We have named the company and set forth material terms of the sanitation license.
7.
We have changed the word “out” to “our.”
8.
We have substantially rewritten the “Management’s Discussion” section and updated to the 12-31 figures throughout.
9.
We have added further discussion and explanation throughout the “Results of Operations” section.
10.
We have added a separate subheading for “Inventory” and added several paragraphs of clarification on the inventory levels, the required aging of the product, and the industry practices.
One of our subsidiaries, Baishui Dukang is engaged in the distillery business. Pursuant to the production requirement, it generally stores some of its inventory, mainly the work-in-progress, “liquor base”, which is just distilled from sorghum, beyond one year. We reclassify this portion of inventory as non-current assets.

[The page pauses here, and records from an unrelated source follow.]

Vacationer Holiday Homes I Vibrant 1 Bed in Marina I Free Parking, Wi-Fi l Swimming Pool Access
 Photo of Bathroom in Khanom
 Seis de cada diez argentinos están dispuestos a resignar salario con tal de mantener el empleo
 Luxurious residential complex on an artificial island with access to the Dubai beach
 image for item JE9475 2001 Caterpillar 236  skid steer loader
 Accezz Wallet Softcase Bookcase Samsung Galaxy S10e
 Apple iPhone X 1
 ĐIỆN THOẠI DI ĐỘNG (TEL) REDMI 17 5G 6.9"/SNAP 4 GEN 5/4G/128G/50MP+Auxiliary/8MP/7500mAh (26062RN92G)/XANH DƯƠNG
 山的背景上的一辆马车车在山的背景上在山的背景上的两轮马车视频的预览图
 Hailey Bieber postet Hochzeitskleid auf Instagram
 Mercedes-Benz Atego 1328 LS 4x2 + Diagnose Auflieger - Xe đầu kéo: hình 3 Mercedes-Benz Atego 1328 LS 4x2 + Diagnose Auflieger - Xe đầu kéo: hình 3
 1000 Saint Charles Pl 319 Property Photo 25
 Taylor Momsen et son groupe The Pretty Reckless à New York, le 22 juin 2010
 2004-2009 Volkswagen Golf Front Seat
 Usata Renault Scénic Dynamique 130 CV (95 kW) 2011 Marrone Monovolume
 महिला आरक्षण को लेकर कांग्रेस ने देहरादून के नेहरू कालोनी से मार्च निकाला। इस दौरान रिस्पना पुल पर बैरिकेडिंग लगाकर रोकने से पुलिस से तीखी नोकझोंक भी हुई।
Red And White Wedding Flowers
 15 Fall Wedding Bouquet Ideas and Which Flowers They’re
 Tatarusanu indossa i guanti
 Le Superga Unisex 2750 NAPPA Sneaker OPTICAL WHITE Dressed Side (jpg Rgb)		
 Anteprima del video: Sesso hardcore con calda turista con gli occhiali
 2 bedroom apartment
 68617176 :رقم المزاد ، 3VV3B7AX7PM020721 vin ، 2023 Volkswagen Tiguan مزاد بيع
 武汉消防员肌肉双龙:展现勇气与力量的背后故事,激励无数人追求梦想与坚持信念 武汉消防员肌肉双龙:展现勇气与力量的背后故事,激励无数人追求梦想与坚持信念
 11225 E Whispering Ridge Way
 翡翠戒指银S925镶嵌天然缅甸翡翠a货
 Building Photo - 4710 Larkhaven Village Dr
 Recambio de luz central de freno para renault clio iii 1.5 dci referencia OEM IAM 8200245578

We disclose our inventory in the notes to financial statements as following:
Note 4- Significant Accounting Policy
Inventory
Inventories are stated at the lower of cost or market value. Actual cost is used to value raw materials and supplies. Finished goods and work-in-progress are valued on the weighted-average-cost method. Elements of costs in finished good and work-in-progress include raw materials, direct labor, and manufacturing overhead.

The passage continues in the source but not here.